Multilingual Prompt Localization for Agent-as-a-Judge: Language and Backbone Sensitivity in Requirement-Level Evaluation
This highlights a critical oversight in agentic benchmarks, showing that language choice significantly impacts evaluation outcomes, which is important for researchers and practitioners in AI and multilingual applications.
The study tackled the problem of language bias in agent-as-a-judge evaluations by localizing prompts to five languages, finding that backbone rankings invert across languages, with GPT-4o leading in English (44.72% satisfaction) and Gemini in Arabic (51.72%) and Hindi (53.22%).
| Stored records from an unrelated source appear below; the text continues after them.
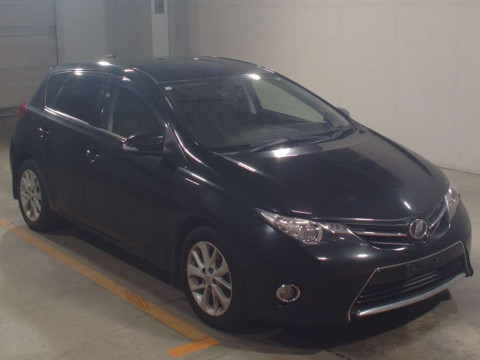 2014 Toyota Auris NZE181H[2]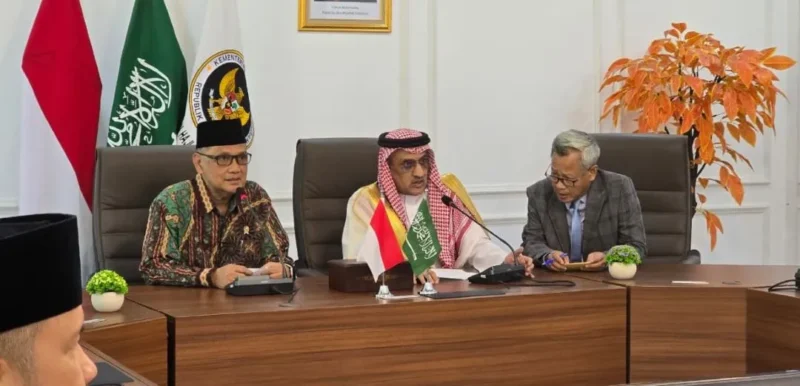 Menteri Haji dan Umrah RI dalam pertemuan dengan Duta Besar Arab Saudi untuk Indonesia Faisal Abdullah Almudi di Kantor Kemenhaj RI di Jakarta, Selasa (7/4/2026). (Foto: Kemenhaj)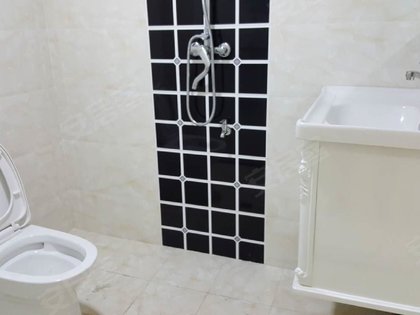 电梯怎么用钥匙开门 420x315c.jpg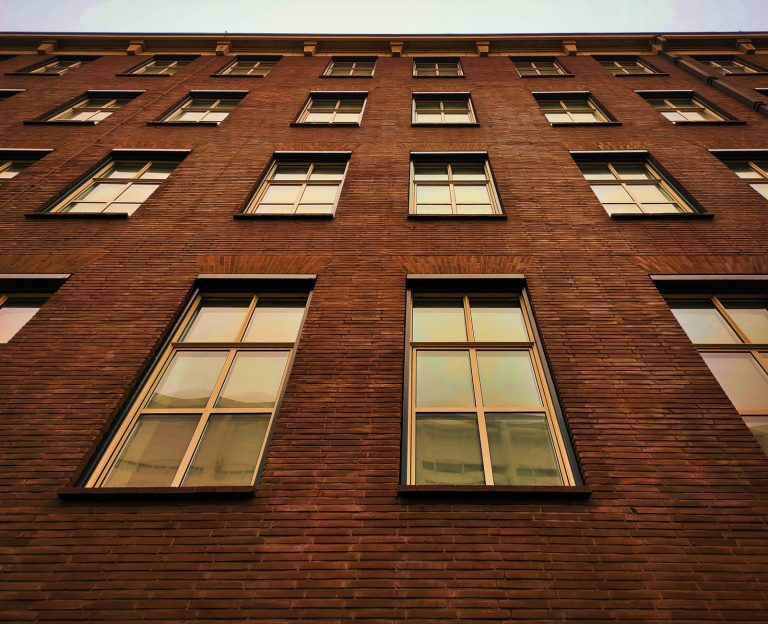 What Makes Window Glass Break in the Desert Heat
Evaluation language is typically treated as a fixed English default in agentic code benchmarks, yet we show that changing the judge's language can invert backbone rankings. We localize the Agent-as-a-Judge prompt stack to five typologically diverse languages (English, Arabic, Turkish, Chinese, Hindi) and evaluate 55 DevAI development tasks across three developer-agent frameworks and six judge backbones, totaling 4950 judge runs. The central finding is that backbone and language interact: GPT-4o achieves the highest satisfaction in English (44.72\%), while Gemini leads in Arabic (51.72\%, $p<0.001$ vs.\ GPT-4o) and Hindi (53.22\%). No single backbone dominates across all languages, and inter-backbone agreement on individual requirement judgments is modest (Fleiss' $κ\leq 0.231$). A controlled ablation further shows that localizing judge-side instructions, not just benchmark content, can be decisive: Hindi satisfaction drops from 42.8\% to 23.2\% under partial localization. These results indicate that language should be treated as an explicit evaluation variable in agentic benchmarks. Full requirement-level judgments and runtime statistics are released for reproducibility.